Task requirements:
Each record below should be reproduced as it is written, with pictures left out entirely.

Data for analysis:
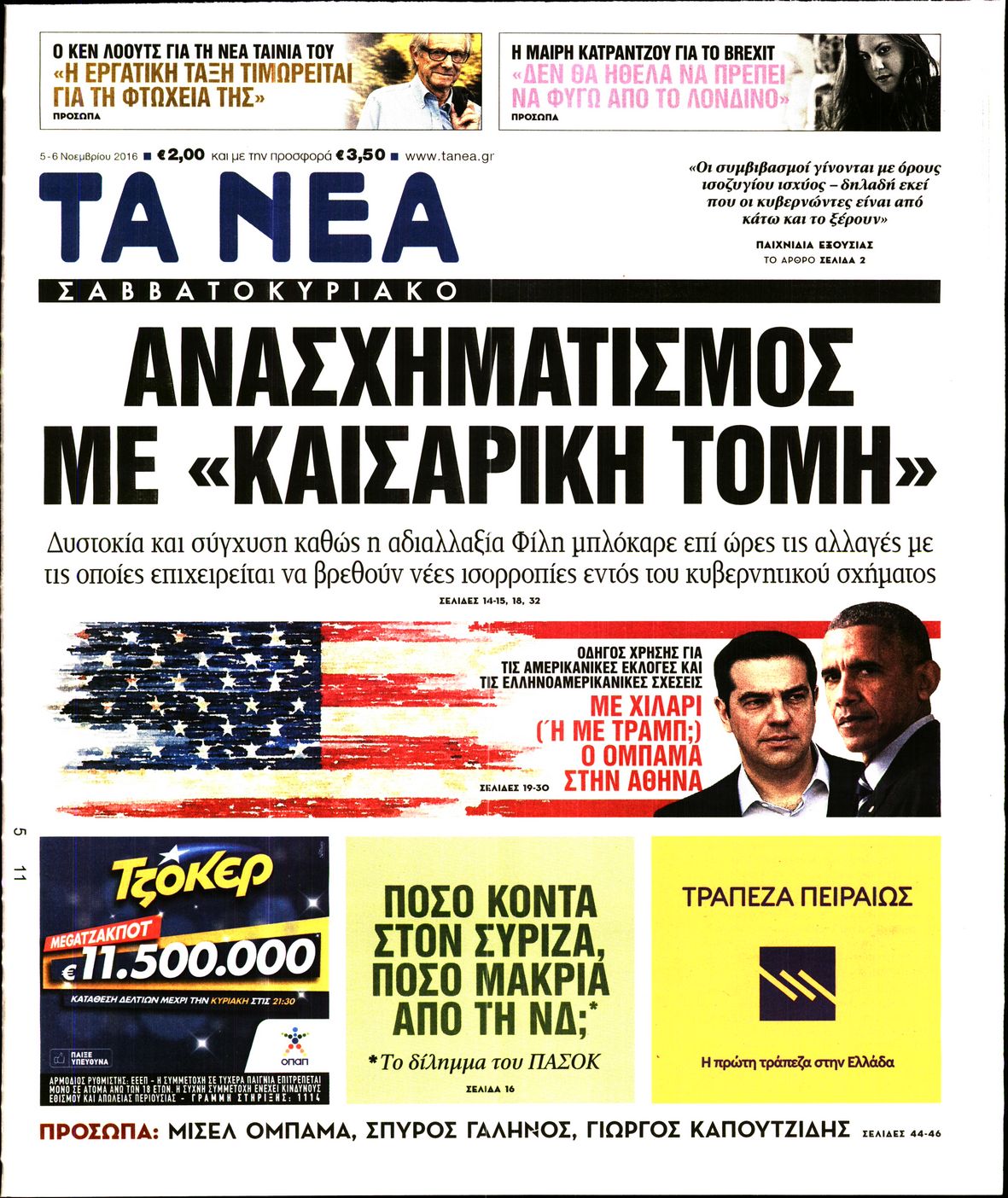 Εξώφυλο εφημερίδας ΤΑ ΝΕΑ 2016-11-05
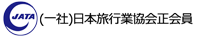 (一社)日本旅行業協会会員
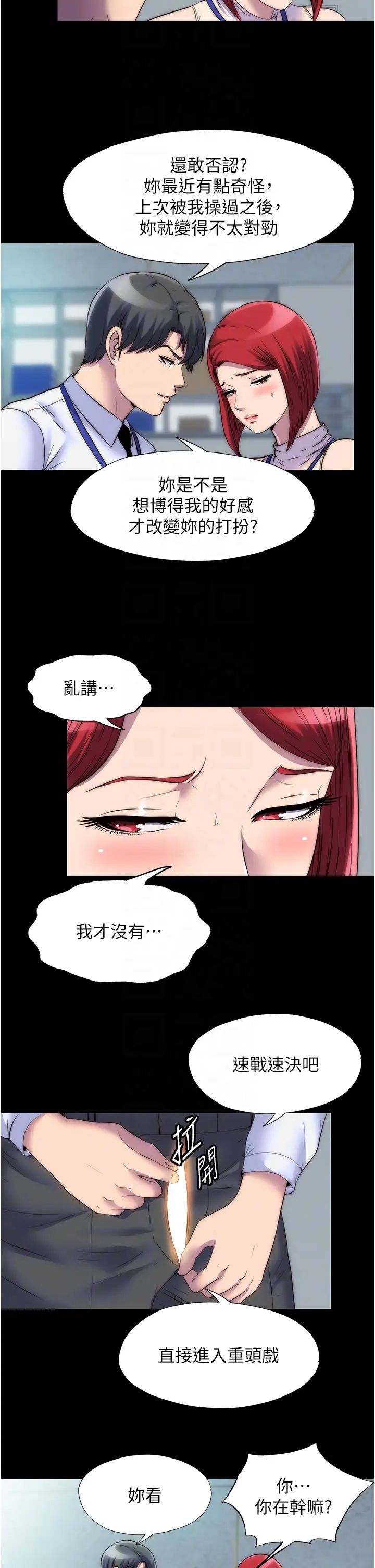 禁锢之慾第30话-极度羞耻的口交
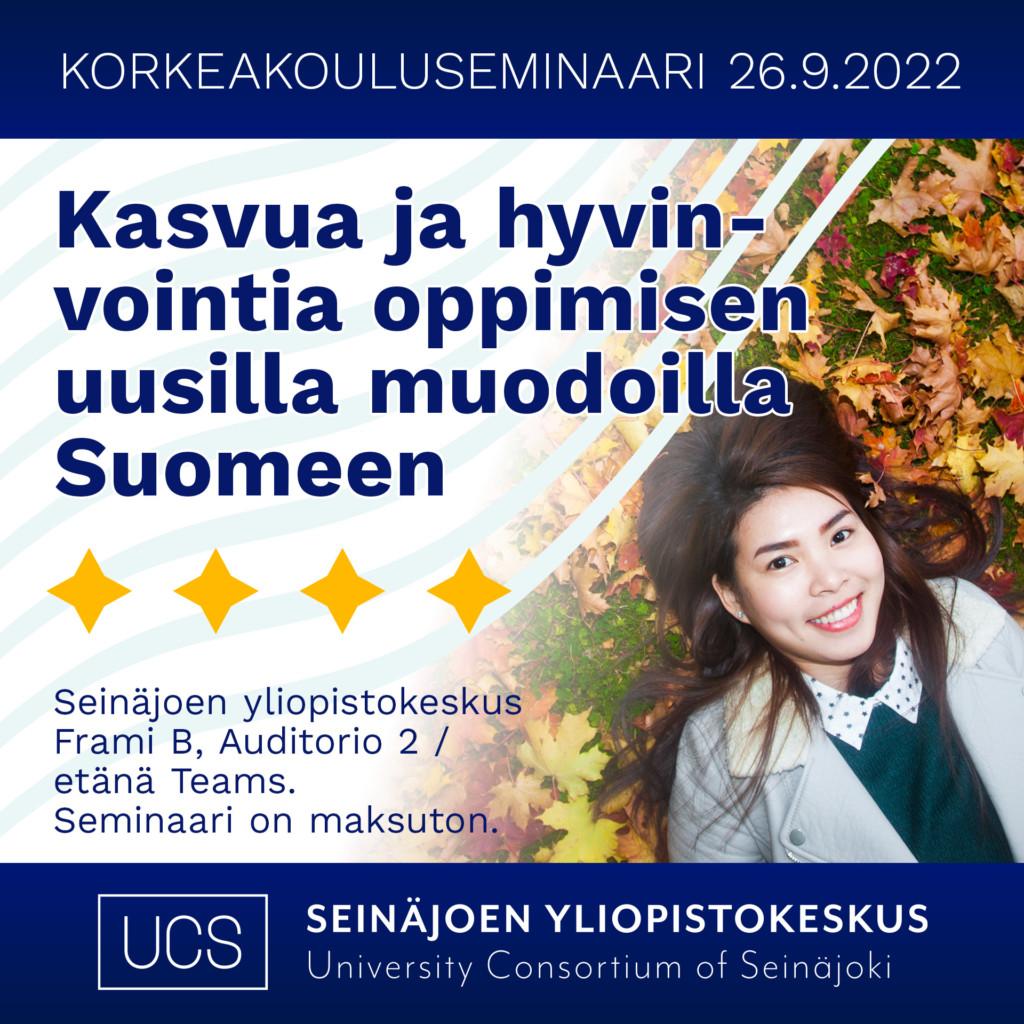 Tervetuloa korkeakouluseminaariin!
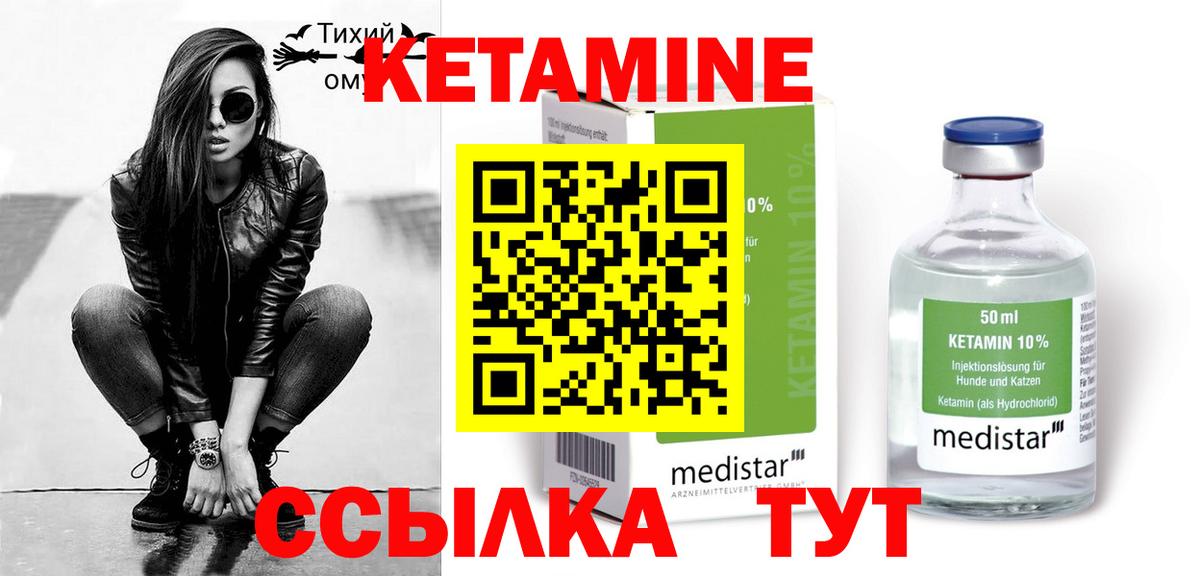 Кетамин ketamine Ржев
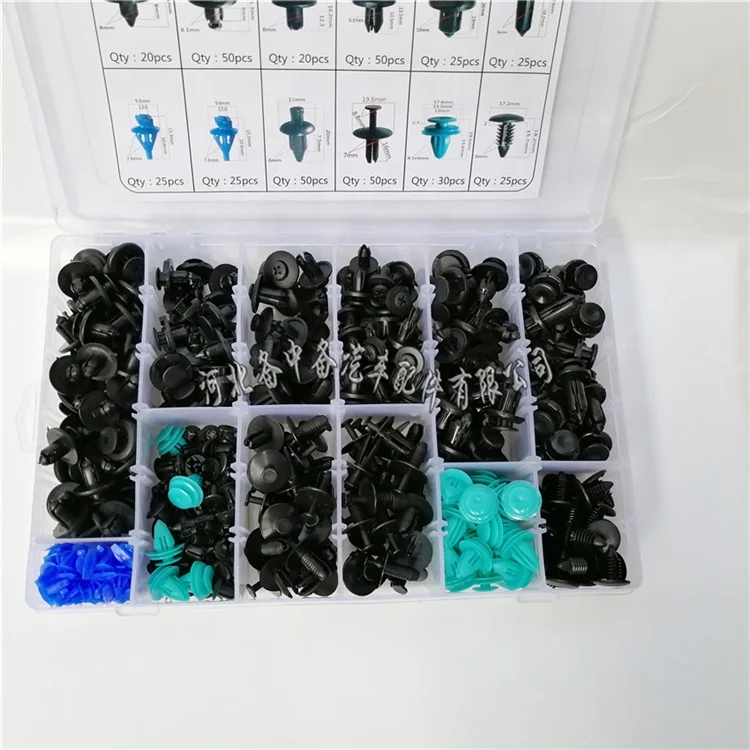 395pcs 6-10mm for All Cars Mixed Auto Fastener Clip Plastic Box-packed Car Door Bumper Fender Liner Sealing Strip Fixed Clips
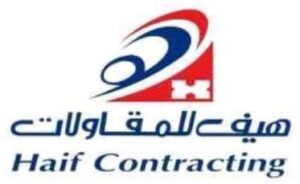شعار شركة هيف للمقاولات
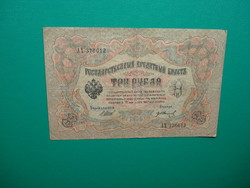 3 rubel 1905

Task solution:
 Εξώφυλο εφημερίδας ΤΑ ΝΕΑ 2016-11-05
 (一社)日本旅行業協会会員
 禁锢之慾第30话-极度羞耻的口交
 Tervetuloa korkeakouluseminaariin!
 Кетамин ketamine Ржев
 395pcs 6-10mm for All Cars Mixed Auto Fastener Clip Plastic Box-packed Car Door Bumper Fender Liner Sealing Strip Fixed Clips
شعار شركة هيف للمقاولات
 3 rubel 1905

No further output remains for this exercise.